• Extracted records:
────

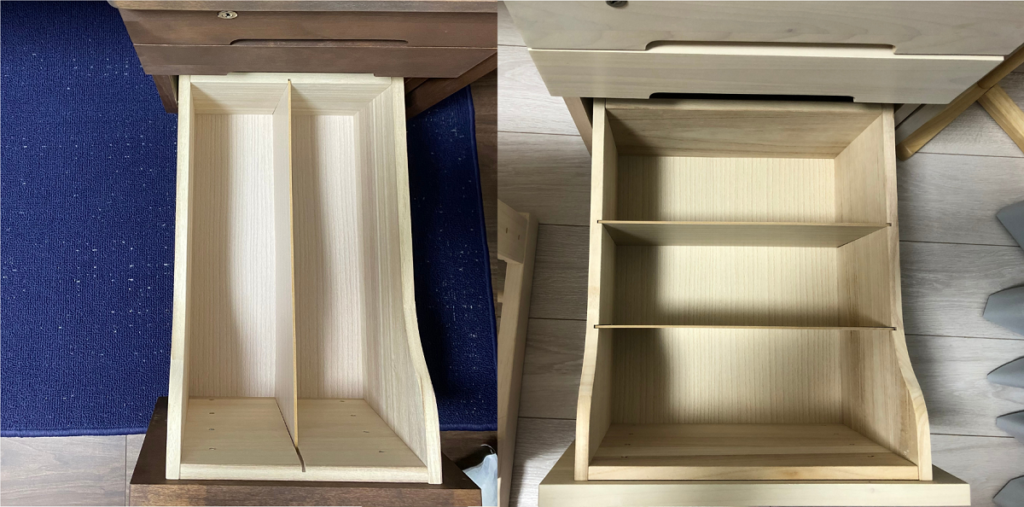 掘田木工の学習机のワゴンの薄型と普通のサイズの引き出しの中身の比較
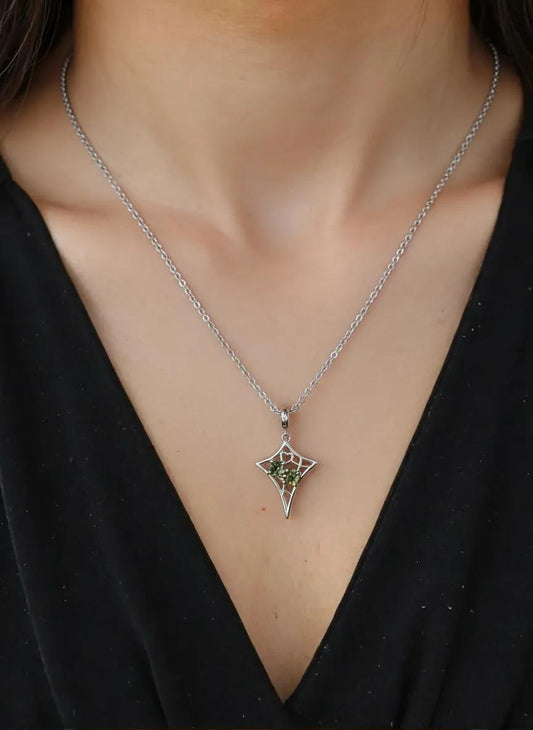 Moldavite Necklace Pendant | 925 Sterling Silver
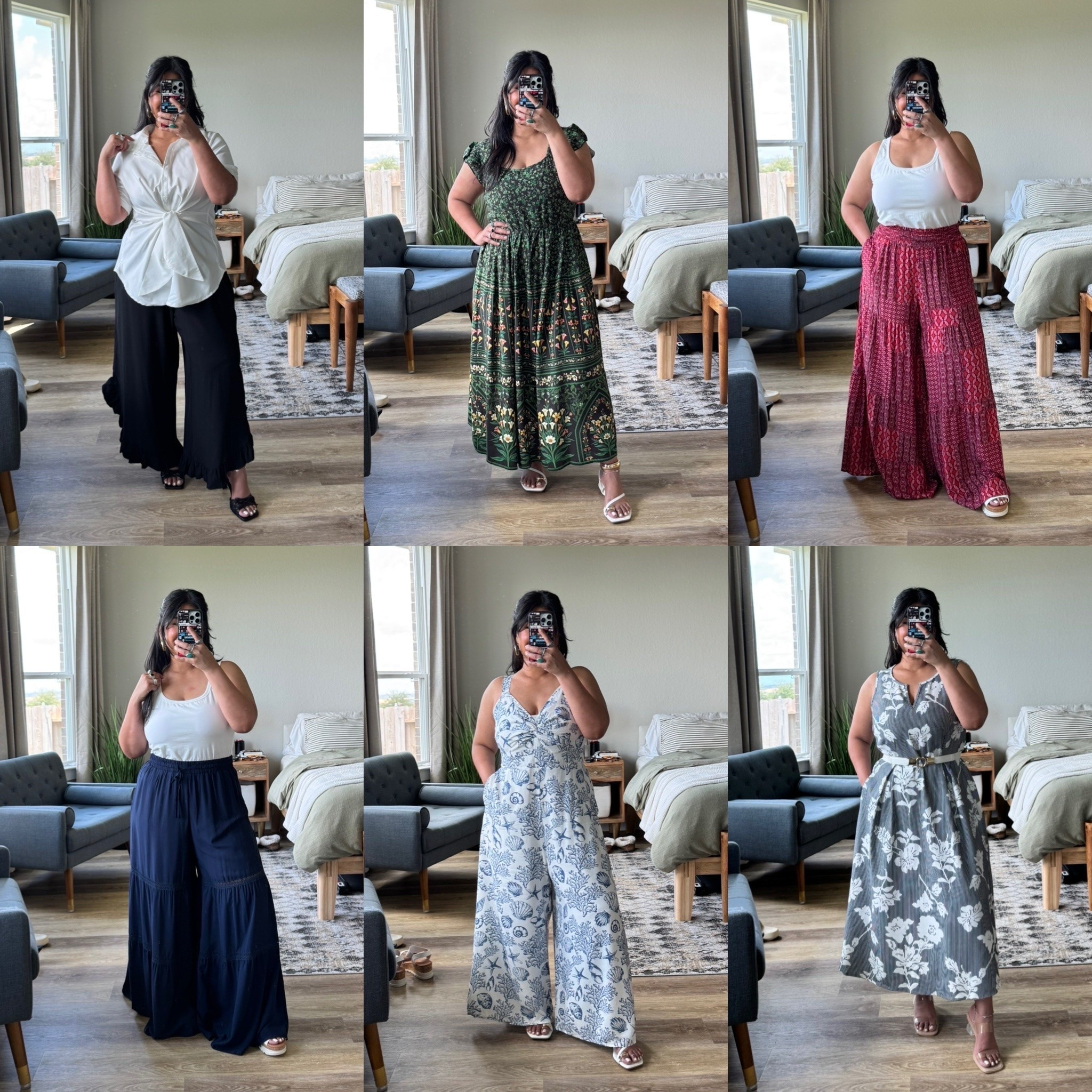 I’m 5’1” size 12 // the red pants and navy pants are a touch long but with my platform sandals, they work! 

WHITE TIE TOP: sized down to a 10/M
BLACK RUFFLE PANTS: wearing my true size 12/L
GREEN DRESS: sized down to a 10/M
WHITE TANK: sized down to a 10/M
RED PANTS: wearing my true size 12/L
NAVY PANTS: wearing my true size 12/L
BLUE/WHITE JUMPER: wearing my true size 12/L
FLORAL DRESS: sized down to a 10/M

#LTKMidsize #LTKPetite #LTKootd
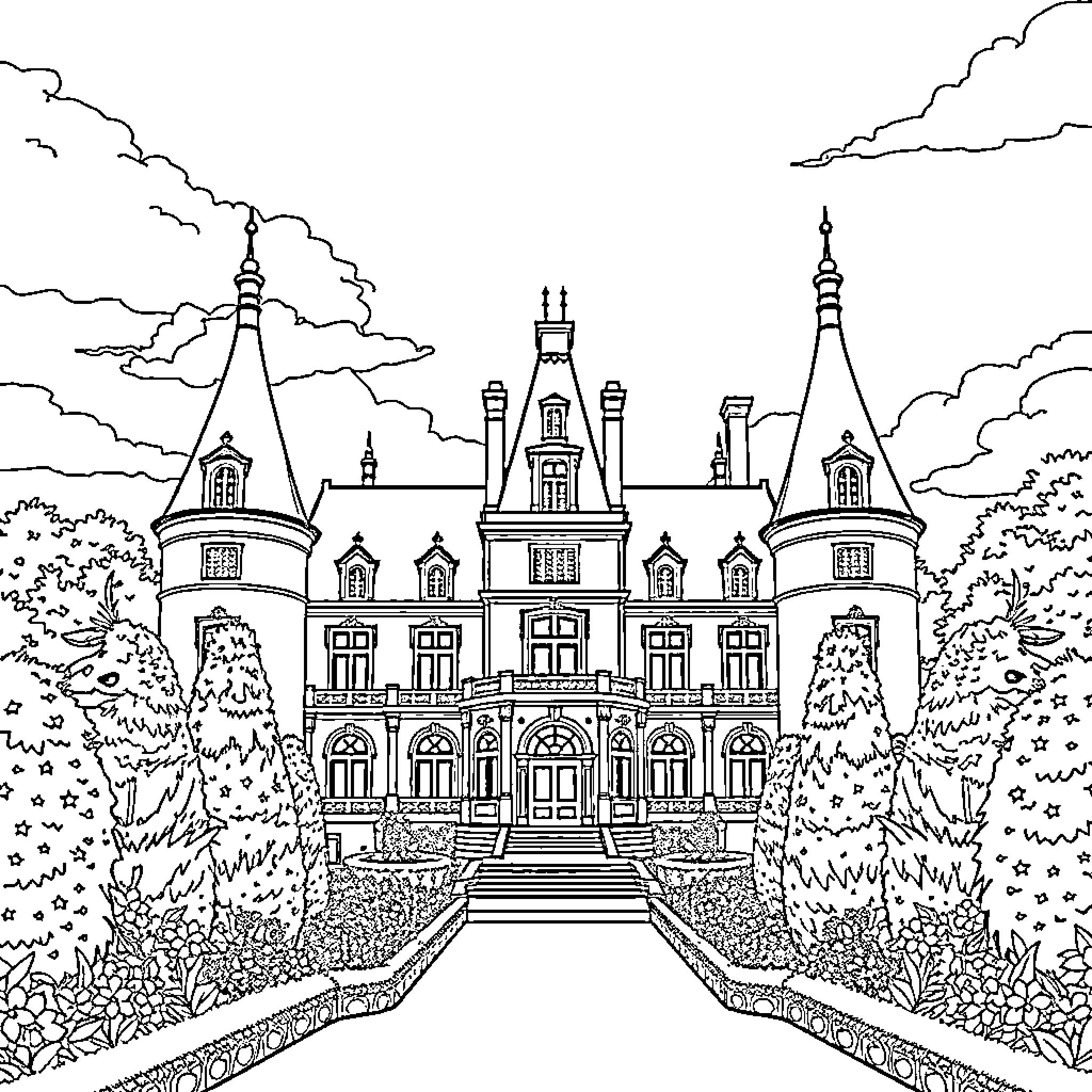 Château of grandeur and elegance in the enchanting landscape Coloring Page (free black-and-white line drawing printable PDF for all, from beginners to advanced learners, including children, teens, adults, and seniors)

────

• Work to be completed: Set the pictures aside and restate word for word only the lines from the line containing "BLACK RUFFLE PANTS: wearing my true size 12/L" through the end of the entries above, both included.

• Finished task:
BLACK RUFFLE PANTS: wearing my true size 12/L
GREEN DRESS: sized down to a 10/M
WHITE TANK: sized down to a 10/M
RED PANTS: wearing my true size 12/L
NAVY PANTS: wearing my true size 12/L
BLUE/WHITE JUMPER: wearing my true size 12/L
FLORAL DRESS: sized down to a 10/M

#LTKMidsize #LTKPetite #LTKootd
 Château of grandeur and elegance in the enchanting landscape Coloring Page (free black-and-white line drawing printable PDF for all, from beginners to advanced learners, including children, teens, adults, and seniors)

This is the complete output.